When you have a walleye eyeing your lure, attempt to move the fish higher in the water column. Their eyes are on top of their head, making it natural for them to follow food upwards. The more you can “work” a walleye up and away from the bottom, the higher the likelihood you will get it to commit. Often, once you get a walleye to chase your lure off the bottom, a second walleye will move in and bite before the original fish.

Go High, Go Low
I always like to have a rod set at 3 to 6 feet off the bottom, even if that’s not where I’m marking fish. A presentation at this height draws suspended walleye close enough to mark them. If you didn’t know, your transducer’s sonar cone widens as it goes deeper. That means there could be suspended walleye nearby, but you are less likely to pick them up on your flasher than if they were near the bottom.

Inversely, even if you’re only marking suspended fish, keep a rod set tight to the bottom. There will always be walleye roaming within a foot of the bottom and this presentation is for them. This is all to say, flasher be damned, work the entire water column.

Bait and Switch
If you’re marking fish and not catching them while using the “go high, go low” technique, call an audible. Because lure preferences change by the hour, you need to be willing to adjust at the drop of a hat.

If a walleye is eyeing your low rod but not committing, reel up that line and drop the high rod in the fish’s face. This instant swap is a simple but deadly tactic. Many days the switch is all you need to get a walleye to commit, or to rule out presentations that just aren’t working. You can make this same swap if a finicky fish approaches your high rod.

Shake, Rattle, and Roll
Rattles have become increasingly popular over the last decade for walleye ice anglers. It’s for good reason. Because you can’t cover nearly as much ground as when you’re open water fishing, using a lure that can “call” fish in is critical.

A rattle spoon, such as the Northland Buckshot or Silver Streak Rattle Streak, can draw fish in from a distance. Now here’s a dirty secret: I usually don’t catch a ton of fish on the spoons themselves. They serve the purpose of bringing walleye in, but usually it’s another lure that seals the deal. Rattle spoons are a great option for when the flasher goes blank. Give the spoon a couple hard jigs, followed by a pause, then watch as nearby fish move in.

K.I.S.S.
In many matters besides ice fishing, we humans tend to complicate things. Sometimes that old adage “keep it simple, stupid” is what we need to remember out on the frozen lake. With all of the fancy bells and whistles available, oftentimes the best lure is a simple, plain jig on a dead stick. I can’t count the number of walleyes I’ve called in with glide baits or spoons, only to have them grab the cheapest presentation from my tackle box.

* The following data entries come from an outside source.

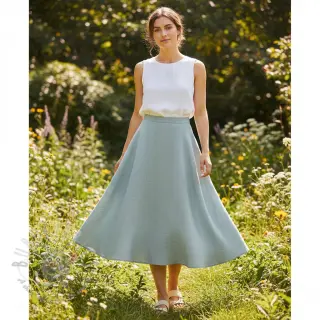 Bomullstyg SLUB WASHED blue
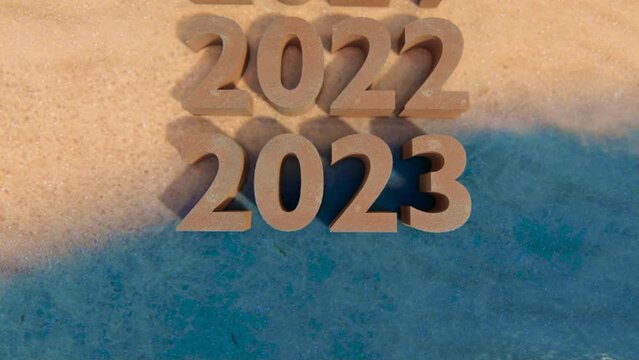 2000 to 2023 years animation, Happy New Year 2023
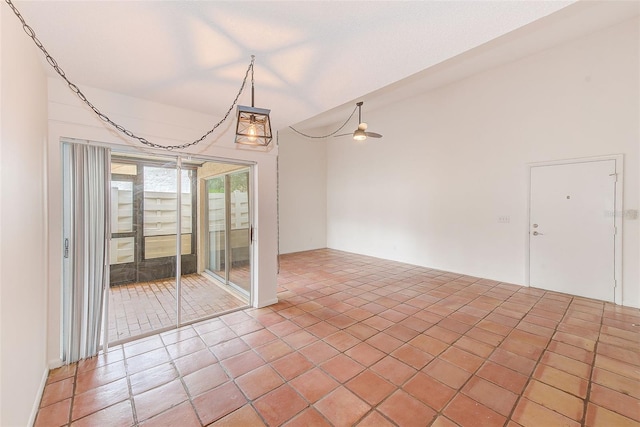 view of tiled spare room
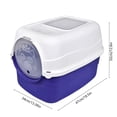 thumbnail image 2 of RKSTN Fully Enclosed Cat Litter Box Cat Toilet, Deodorant And Splash-Proof Cat Poop Basin Blue, 2 of 5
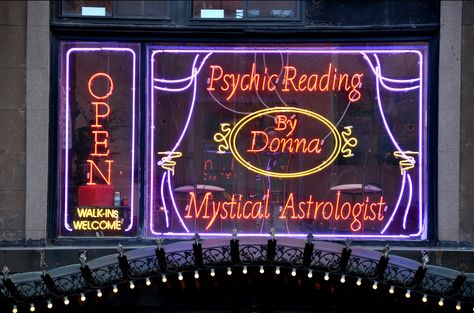 Psychic shop Psychic Shop, Psychic Aesthetic, Tarot Reading Room, Window Makeover, Quotes Colorful, Psychic Readings Free, Put Things Into Perspective, Psychic Reader, Complicated Relationship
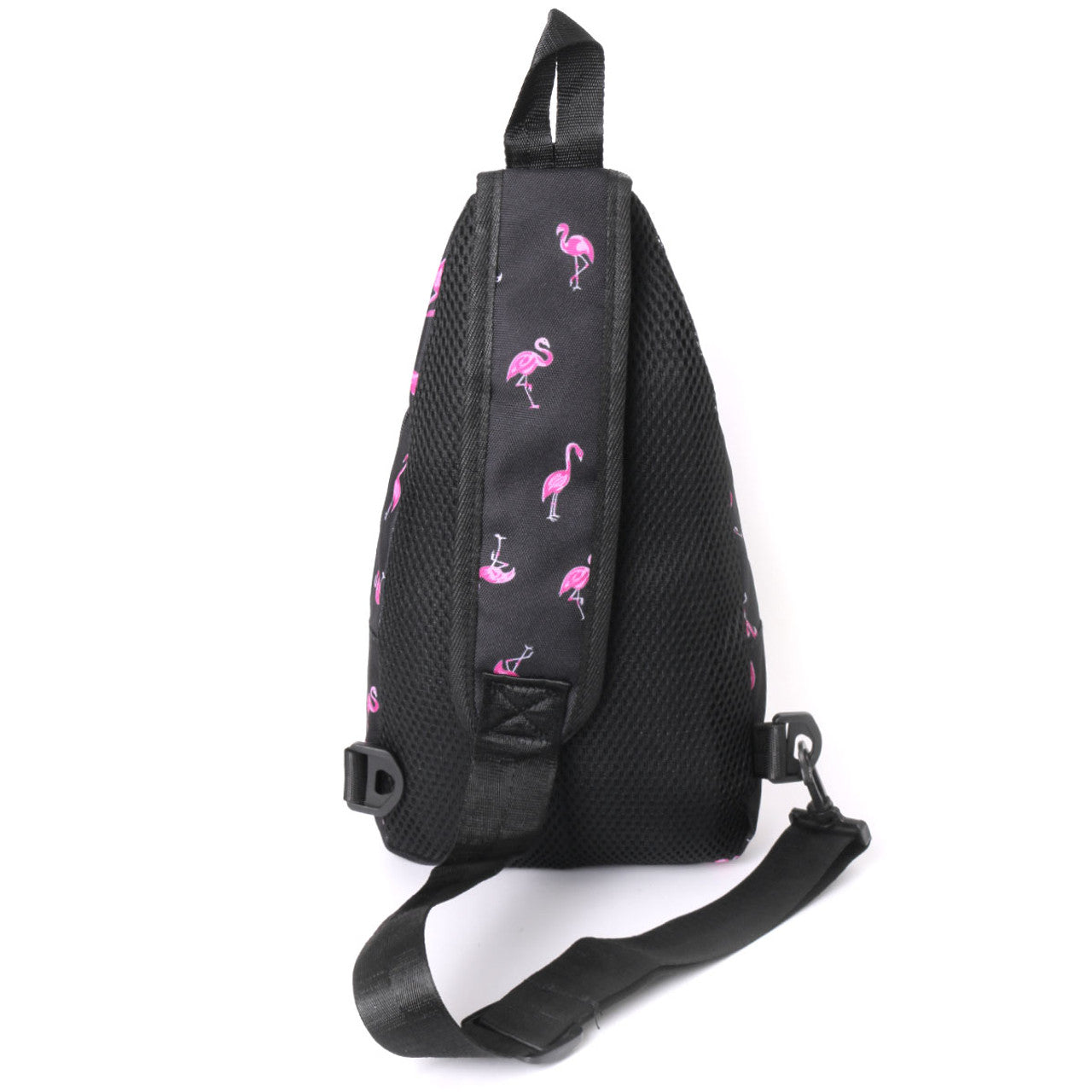 Novelty Sport Black Flamingo Sling Bag Crossbody-By Westend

Not all jigs are created equal, though. Look for a jig with a high-quality, oversized hook. Many of the smaller jigs used for ice fishing aren’t long enough for a good hookset, especially when paired with a hearty minnow. The Clam Drop TG and Northland Long Shank Fireball are my go-to jigs for this reason.

Just as most good pitchers have more than five pitches, and the best walleye anglers will have lots more tricks up their sleeves. But if you just master these five, you’ll be unlikely to strike out on most days.